[Linux-HA] Sending ping on other port

2013-11-12 Thread Ahmed Munir
Hi All,

I would like to know, is it possible to change the ping port as 5060 using
ocf::pingd? Means to say need to send ping at port 5060.

If it is possible please advise what parameters do I need to enable it?

-- 
Regards,

Ahmed Munir Chohan
___
Linux-HA mailing list
Linux-HA@lists.linux-ha.org
http://lists.linux-ha.org/mailman/listinfo/linux-ha
See also: http://linux-ha.org/ReportingProblems


Re: [Linux-HA] Sending ping on other port

2013-11-12 Thread Takehiro Matsushima
Hi,

Generally, ping uses ICMP which has no concept about port.
ocf:pacemaker:pingd and calls internally ocf:pacemaker:ping are
implemented using fping.

BTW, I googled, to knock any tcp/udp port like ping.
hping looks be useable.
Of course, modify/create the resource agent is required. :)


regards,
Takehiro Matsushima


2013/11/13 Ahmed Munir ahmedmunir...@gmail.com:
 Hi All,

 I would like to know, is it possible to change the ping port as 5060 using
 ocf::pingd? Means to say need to send ping at port 5060.

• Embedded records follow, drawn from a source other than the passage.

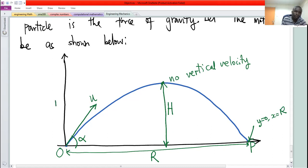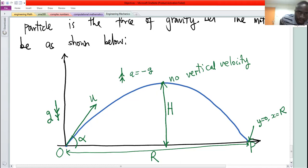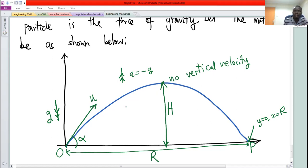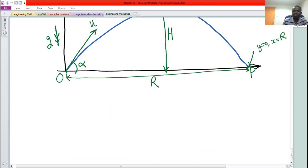I refer to this point as the maximum height. The distance from the starting point — let's call this point P and let's call this point O — we call the range, shown by R. At point P, y is zero and x equals the range R. The force of gravity is acting downwards, but when the body is moving upwards, the acceleration is minus g. The blue curve is the path or the trajectory along which the particle is moving.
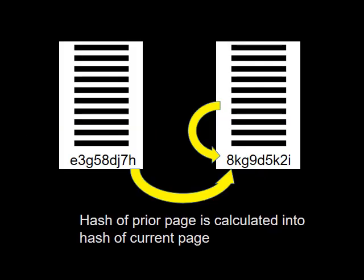At this point I want to explain one special wrinkle that is the magic behind blockchain. The hash of the prior page is calculated into the hash of the current page. This indelibly links the current ledger page to all previous pages in the ledger.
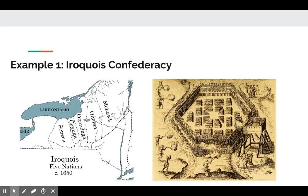Each Iroquois tribe had a castle made of 20 to 30 longhouses, with smaller settlements for fishers and hunters nearby. Throughout all five nations of the Iroquois Confederacy, they fished, farmed, and hunted, but they mostly farmed while maintaining a good mix of all three.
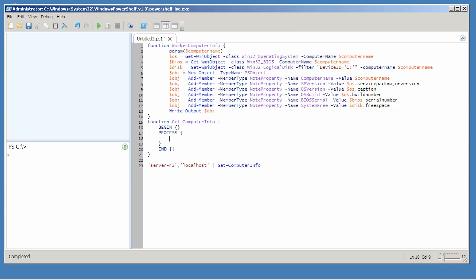In here all I need to do is call worker computer info and pass along dollar sign underscore as the computer name. I could put dash computer name or I just allow that to be positional like I had it.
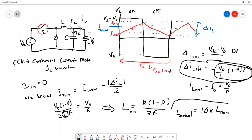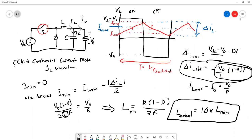That is all about the analysis of the inductor current. We will continue with the analysis of the output voltage ripple in the next lesson. Thank you very much for your attention.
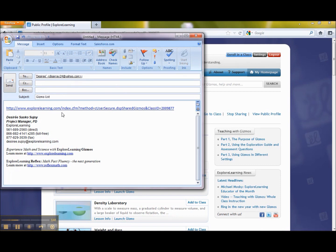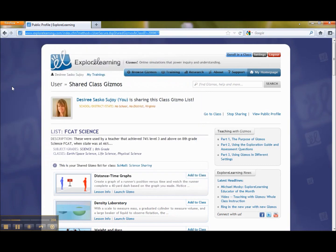This is a fabulous way to share gizmo lists within your school or with your colleagues at PLC meetings, so that everyone can have a wonderful list that everyone knows how to use, and can find, and can enjoy. Thank you, and have fun with them. Bye.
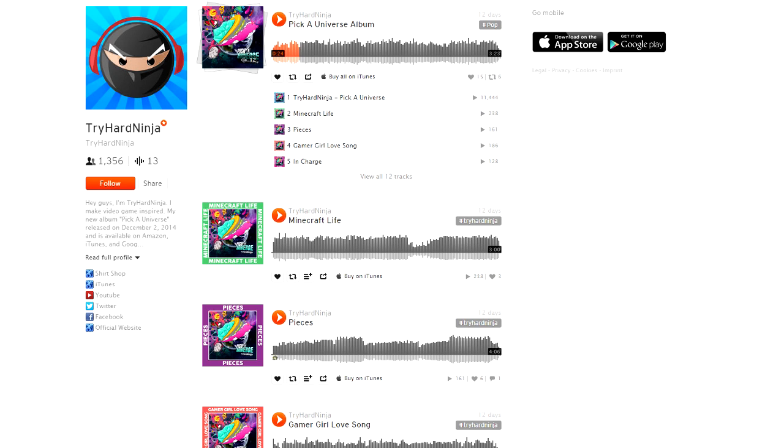Definitely follow me on there if you also have a SoundCloud, because whenever I release new music, it's going to go up there right away from now on.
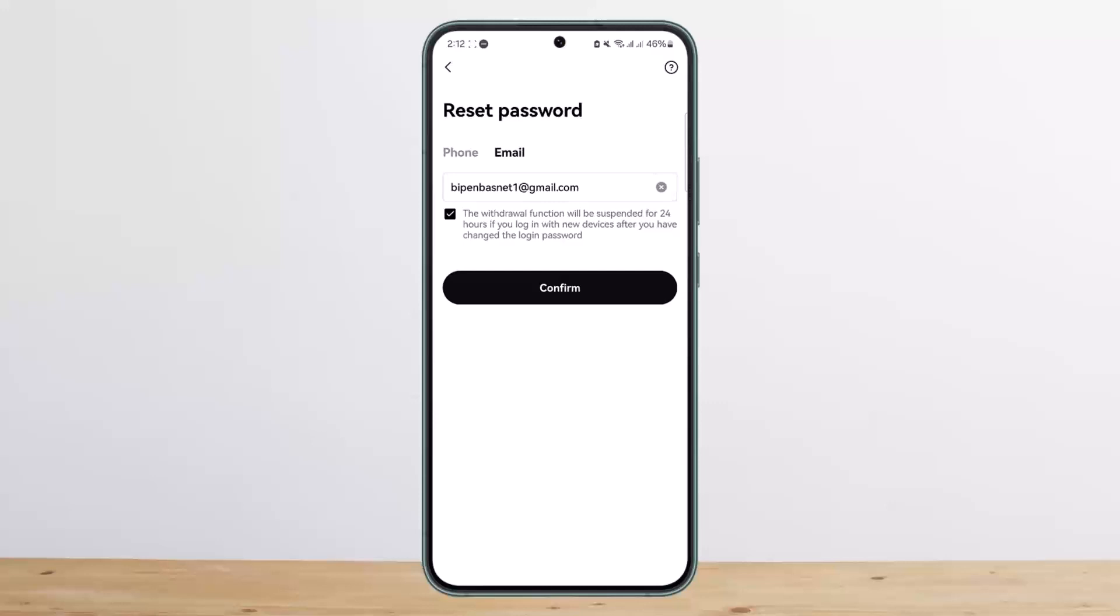You can check on the checkbox there and then tap on Confirm. It'll send a recovery code to your email. You want to head over to your email inbox and check for the recovery code. Enter it in here, and then you'll get the option to reset your password.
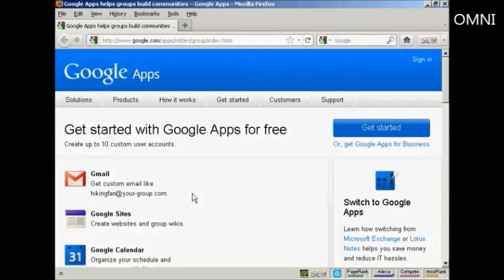You can use it for business although they do charge a fee for that. All you need really is an internet connection and a web browser such as Firefox, which I'm using for this demonstration.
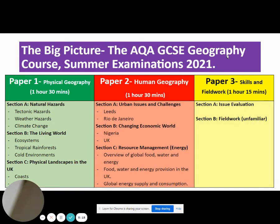The big picture leading towards the summer will be slightly different. As well as Paper 1 and Paper 3, in the summer you're also going to sit Paper 2, which will be one hour 30 minutes long. This section will include changing economic world, which we've just done, looking at Nigeria and the UK, as well as Section C, which is resource management, which we did on Google Classrooms at the end of Year 10. We will be going over this again in lessons. Section A, which we have yet to study, is urban issues and challenges. But everything else we have covered to date.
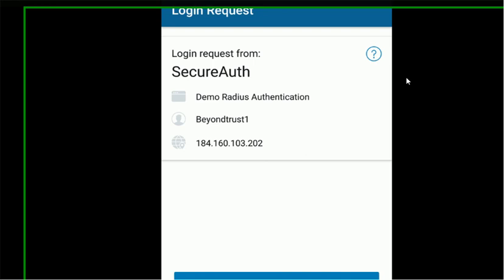So that concludes my quick demonstration for today showing you a few use cases around the integration between SecureAuth and BeyondTrust. So thanks for watching. And until next time, have a good day.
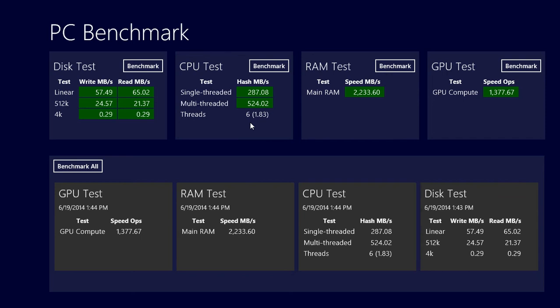So it's pretty cool. And you can click Benchmark All which will do all the tests one after the other. And it's a great way to compare these numbers with other machines with Windows 8 and know where your computer stands in all of the computer hardware today.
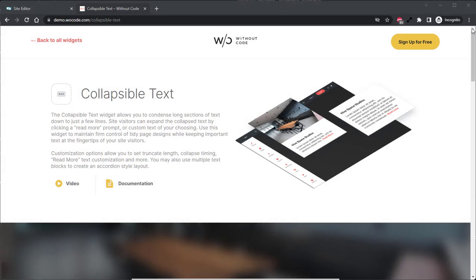Hey there, Norman here from WoCode and today we're going to be discussing the Collapsible Text Widget.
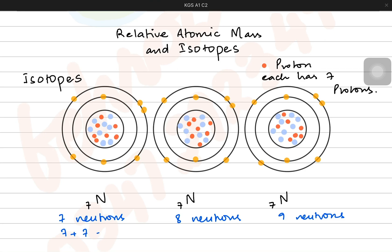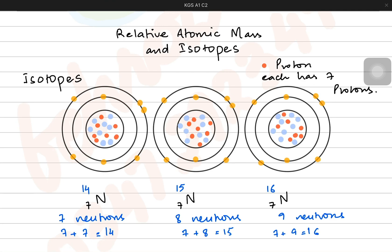If you try to count their atomic masses, which is the sum of protons and neutrons, the first one has an atomic mass of 14, the second one has an atomic mass of 15, and the third one has an atomic mass of 16 units. So they have the same atomic number, but apparently their atomic mass is not the same. Isotopes are the ones which have the same atomic number but different atomic masses.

 If it is possible please advise what parameters do I need to enable it?

 --
 Regards,

 Ahmed Munir Chohan
 ___
 Linux-HA mailing list
 Linux-HA@lists.linux-ha.org
 http://lists.linux-ha.org/mailman/listinfo/linux-ha
 See also: http://linux-ha.org/ReportingProblems
___
Linux-HA mailing list
Linux-HA@lists.linux-ha.org
http://lists.linux-ha.org/mailman/listinfo/linux-ha
See also: http://linux-ha.org/ReportingProblems


[Linux-HA] drbd/pacemaker multiple tgt targets, portblock, and race conditions (long-ish)

2013-11-12 Thread Jefferson Ogata

Greetings.

I'm working on a high-availability iSCSI target (tgt) cluster using 
CentOS 6.4, to support a blade VM infrastructure. I've encountered a 
number of problems i haven't found documented elsewhere (not for lack of 
looking), and i want to run some solutions past the list to see what 
sticks. I have one outstanding problem i haven't been able to work out, 
which i will present in another thread to follow.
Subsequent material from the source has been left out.